Are you really suggesting that out of the Cabinet Office’s 10 Billion pound buget it’s wrong to spend a tiny fraction of that on photography?
YES – I would prefer to save the job of one nurse, one carer, one teacher…. Ten billion sounds a lot but they have to cut 20% or £2 billion.
EVEN if you need to create that job, do it properly. Put it out to tender and get the best you can as you are using public funds. But no, it pays to be Cameron’s mate. It pays to have friends in VERY high places in control of public funds and it undermines Andy Parsons position.
Don’t just choose the personal photographer of Cameron hired during the election. That smacks of favouritism when the state needs to be fair. “You helped me get in government and now I am going to get the government to pay you in return”. Not with my money Prime Minister.
This should have been advertised and I say to you David White, you should have had the right to apply for it too.
Do we want photographers to get paid? Yes. Reward hard work, skill and relevance? Yes. Look at the shots…
They are Tory PR shots so the Tories should pay for them themselves. Same old Tories after all these years out of power…
Nurses, carers and teachers salaries don’t come out of the Cabinet Office’s budget do they?
We all pay tax into one big pot. That has got smaller. Good hard working people who have served the people doing the public a service, over half a million of them at least, are losing their jobs for political reasons.
I don’t think hiring a PR photographer for party political purposes, with tax payers money, without putting that out to tender because they were there friends of the PM is a good way to behave.

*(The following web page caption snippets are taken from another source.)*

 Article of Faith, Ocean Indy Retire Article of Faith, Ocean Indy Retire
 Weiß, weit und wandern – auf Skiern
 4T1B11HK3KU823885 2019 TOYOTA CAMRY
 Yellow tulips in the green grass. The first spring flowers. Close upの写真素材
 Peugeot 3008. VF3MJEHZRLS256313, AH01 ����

There are many issues to this which are interesting, but I think it’s good to see the P.M, appointing a professional photographer. That reinforces the value of a true professional, which it is becoming increasingly harder and harder to do when everyone is a photographer…
as to whether the tax payer should pay for it, let the Daily Fail mull that one over. Persoanllay I’m all for it, but then I would be.
Ciara…when I said shoot, I meant freely with a camera, with no gatekeeper, no editor, no spin.
Oooh look….there goes a Gloucester Old Spot gliding past the window..
As you’re making the claim that Parsons got the job on the basis of a friendship with Cameron it would be nice if you provided us with some details.
It seems a bit unlikely to me that a genuine mate of Cameron would be interested in a job that came with a salary not much above the national average. The life of a Bullingdonian doesn’t exactly come cheap – the stately home, the shooting’n’fishing, the rent boys, the cocaine, the first-growth Bordeaux – so being on the payroll at £35,000/year puts you firmly in the (civil) servant rather than privileged friend category. Parsons would appear to be no more than a butler with a camera.
That is actually a good point. There is a difference between a genuine long term public school tie sort of mate to a friendly relationship struck up with a dose of skill hard graft shooting for Cameron during the election.
I do not think that diminishes the point I am making one single bit but it does clarify the specific nature of what I am saying when I use the word “friend”.
I imply a favour to someone you know, employment on state wages without due process, reward for work done previously without a fair tendering process that looks to the actual service to be provided, implies a process where political power has been used discretionarily to sort out someone you know to do the job of a political party on taxpayers cash to hire a “butler with a camera” (what a great phrase!).